THE TASK:
In the data below, one line contains "lake erie long" and a later one contains "Hot artichoke dip". Print both, with every line between them, exactly and alone.

RECORDED INFORMATION:
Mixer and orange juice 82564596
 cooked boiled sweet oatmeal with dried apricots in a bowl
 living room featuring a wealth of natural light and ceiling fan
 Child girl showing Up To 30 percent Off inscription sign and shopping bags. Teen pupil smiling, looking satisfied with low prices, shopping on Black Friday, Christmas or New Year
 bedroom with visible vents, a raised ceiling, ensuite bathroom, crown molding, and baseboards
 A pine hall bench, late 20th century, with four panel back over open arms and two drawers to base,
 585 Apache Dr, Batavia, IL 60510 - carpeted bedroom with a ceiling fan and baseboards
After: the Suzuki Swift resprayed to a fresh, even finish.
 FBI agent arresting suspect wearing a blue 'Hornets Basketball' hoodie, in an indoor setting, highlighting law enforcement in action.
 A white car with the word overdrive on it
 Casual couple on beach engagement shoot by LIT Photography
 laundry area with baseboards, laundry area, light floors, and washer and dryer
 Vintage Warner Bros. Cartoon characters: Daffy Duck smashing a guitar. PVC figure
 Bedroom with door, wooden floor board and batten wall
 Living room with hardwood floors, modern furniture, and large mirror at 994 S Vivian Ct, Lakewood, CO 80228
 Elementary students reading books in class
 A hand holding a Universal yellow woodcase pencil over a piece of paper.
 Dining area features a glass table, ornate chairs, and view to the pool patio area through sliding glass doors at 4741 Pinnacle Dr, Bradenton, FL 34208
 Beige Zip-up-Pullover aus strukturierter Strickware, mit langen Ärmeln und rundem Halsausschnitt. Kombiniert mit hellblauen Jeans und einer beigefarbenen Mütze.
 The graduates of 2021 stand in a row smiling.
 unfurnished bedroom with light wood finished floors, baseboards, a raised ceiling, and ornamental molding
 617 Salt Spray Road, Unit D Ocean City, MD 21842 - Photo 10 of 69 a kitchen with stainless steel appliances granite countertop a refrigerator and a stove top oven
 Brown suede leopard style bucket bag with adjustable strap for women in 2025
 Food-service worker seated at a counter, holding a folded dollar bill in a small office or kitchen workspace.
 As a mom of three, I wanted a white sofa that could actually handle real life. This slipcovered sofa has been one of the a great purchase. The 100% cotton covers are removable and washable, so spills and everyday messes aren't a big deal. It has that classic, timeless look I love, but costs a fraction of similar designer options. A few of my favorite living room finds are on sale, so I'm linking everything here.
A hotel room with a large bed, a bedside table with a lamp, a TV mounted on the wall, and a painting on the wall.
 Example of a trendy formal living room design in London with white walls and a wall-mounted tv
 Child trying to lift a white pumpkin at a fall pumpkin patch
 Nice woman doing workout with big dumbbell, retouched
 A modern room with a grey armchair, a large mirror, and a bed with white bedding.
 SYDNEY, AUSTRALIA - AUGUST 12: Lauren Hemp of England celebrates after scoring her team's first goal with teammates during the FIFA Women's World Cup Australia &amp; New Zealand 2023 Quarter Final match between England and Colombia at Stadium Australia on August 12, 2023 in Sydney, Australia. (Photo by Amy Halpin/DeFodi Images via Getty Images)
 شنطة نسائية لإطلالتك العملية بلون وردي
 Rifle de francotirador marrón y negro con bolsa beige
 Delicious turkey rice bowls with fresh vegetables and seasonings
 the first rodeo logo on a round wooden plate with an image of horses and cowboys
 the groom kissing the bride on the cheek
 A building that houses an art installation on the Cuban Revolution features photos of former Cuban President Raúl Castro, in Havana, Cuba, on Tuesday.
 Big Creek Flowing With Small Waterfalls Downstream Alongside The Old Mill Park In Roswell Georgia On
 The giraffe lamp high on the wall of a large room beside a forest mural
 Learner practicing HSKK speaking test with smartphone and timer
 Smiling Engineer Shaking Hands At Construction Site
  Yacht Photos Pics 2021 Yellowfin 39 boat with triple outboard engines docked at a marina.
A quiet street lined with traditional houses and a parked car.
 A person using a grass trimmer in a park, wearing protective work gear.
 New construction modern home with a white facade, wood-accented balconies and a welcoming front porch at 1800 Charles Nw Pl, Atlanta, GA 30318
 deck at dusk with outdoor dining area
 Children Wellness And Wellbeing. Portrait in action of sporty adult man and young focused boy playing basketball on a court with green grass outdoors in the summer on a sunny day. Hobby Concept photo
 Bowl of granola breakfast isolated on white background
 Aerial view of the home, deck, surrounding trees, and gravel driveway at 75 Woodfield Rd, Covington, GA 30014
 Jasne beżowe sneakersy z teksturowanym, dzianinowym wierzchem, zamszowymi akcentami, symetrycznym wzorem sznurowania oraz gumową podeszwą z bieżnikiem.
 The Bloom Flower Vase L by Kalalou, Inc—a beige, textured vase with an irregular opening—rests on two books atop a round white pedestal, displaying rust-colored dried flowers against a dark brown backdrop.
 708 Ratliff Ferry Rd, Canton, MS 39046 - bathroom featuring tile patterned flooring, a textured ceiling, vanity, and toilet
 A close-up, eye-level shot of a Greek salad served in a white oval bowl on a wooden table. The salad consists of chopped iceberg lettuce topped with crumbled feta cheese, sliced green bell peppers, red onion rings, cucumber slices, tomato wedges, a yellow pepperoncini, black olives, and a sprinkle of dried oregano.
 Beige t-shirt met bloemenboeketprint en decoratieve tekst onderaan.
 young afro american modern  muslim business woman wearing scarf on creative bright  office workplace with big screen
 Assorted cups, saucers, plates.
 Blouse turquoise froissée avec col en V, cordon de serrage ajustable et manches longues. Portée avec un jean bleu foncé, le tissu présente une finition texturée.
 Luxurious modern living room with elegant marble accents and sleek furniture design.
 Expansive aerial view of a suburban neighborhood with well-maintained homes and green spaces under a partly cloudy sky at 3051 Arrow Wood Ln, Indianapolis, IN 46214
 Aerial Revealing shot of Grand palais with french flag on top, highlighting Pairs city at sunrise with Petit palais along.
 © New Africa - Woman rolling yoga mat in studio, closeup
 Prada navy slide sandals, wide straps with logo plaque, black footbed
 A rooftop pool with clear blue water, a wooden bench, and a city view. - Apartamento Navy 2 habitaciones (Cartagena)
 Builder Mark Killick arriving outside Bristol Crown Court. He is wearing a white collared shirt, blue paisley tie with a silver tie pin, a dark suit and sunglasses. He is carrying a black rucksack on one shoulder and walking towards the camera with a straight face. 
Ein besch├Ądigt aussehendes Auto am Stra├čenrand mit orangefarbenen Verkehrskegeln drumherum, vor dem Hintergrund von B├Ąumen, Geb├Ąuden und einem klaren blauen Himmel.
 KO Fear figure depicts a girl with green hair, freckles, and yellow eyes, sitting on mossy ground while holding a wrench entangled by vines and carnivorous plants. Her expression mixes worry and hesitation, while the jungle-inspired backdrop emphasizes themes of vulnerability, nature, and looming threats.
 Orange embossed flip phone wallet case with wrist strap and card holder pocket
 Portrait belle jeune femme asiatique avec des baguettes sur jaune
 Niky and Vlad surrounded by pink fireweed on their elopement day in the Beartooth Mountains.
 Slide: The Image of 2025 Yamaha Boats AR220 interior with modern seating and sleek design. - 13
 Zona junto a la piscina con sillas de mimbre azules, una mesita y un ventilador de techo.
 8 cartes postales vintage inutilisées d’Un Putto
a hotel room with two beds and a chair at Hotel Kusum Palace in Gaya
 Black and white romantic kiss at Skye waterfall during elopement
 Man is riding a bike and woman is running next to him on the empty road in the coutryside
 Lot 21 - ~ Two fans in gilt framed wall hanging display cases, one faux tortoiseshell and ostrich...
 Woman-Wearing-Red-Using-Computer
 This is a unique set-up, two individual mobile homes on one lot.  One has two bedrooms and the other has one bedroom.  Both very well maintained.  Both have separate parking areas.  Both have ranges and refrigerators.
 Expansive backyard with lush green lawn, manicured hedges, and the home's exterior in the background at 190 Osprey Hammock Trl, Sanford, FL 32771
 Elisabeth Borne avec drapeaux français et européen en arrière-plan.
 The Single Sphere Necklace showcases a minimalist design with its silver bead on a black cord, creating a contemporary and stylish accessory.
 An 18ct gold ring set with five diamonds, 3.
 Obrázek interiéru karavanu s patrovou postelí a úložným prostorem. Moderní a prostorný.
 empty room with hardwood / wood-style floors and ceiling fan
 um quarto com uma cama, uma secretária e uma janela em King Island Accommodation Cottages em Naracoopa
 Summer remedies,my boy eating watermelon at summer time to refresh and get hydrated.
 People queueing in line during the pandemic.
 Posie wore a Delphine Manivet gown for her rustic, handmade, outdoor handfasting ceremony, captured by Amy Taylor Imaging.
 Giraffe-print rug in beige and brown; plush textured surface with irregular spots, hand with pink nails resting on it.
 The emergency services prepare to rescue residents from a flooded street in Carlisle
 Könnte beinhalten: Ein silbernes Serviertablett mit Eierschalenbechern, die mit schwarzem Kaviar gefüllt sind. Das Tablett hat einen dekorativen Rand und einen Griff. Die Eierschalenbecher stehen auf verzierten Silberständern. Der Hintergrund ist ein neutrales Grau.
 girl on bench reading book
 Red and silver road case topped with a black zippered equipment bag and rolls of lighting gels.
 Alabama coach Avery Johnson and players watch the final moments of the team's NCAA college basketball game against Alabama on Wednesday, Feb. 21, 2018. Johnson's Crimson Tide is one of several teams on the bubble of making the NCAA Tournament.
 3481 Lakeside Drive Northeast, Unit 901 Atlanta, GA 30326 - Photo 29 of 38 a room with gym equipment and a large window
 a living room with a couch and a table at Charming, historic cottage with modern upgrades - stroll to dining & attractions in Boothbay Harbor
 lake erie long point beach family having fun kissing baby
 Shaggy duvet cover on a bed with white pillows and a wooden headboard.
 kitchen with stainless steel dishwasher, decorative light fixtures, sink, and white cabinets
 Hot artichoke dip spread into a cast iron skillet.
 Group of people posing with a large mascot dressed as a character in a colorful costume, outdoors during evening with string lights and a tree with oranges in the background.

TASK RESPONSE:
 lake erie long point beach family having fun kissing baby
 Shaggy duvet cover on a bed with white pillows and a wooden headboard.
 kitchen with stainless steel dishwasher, decorative light fixtures, sink, and white cabinets
 Hot artichoke dip spread into a cast iron skillet.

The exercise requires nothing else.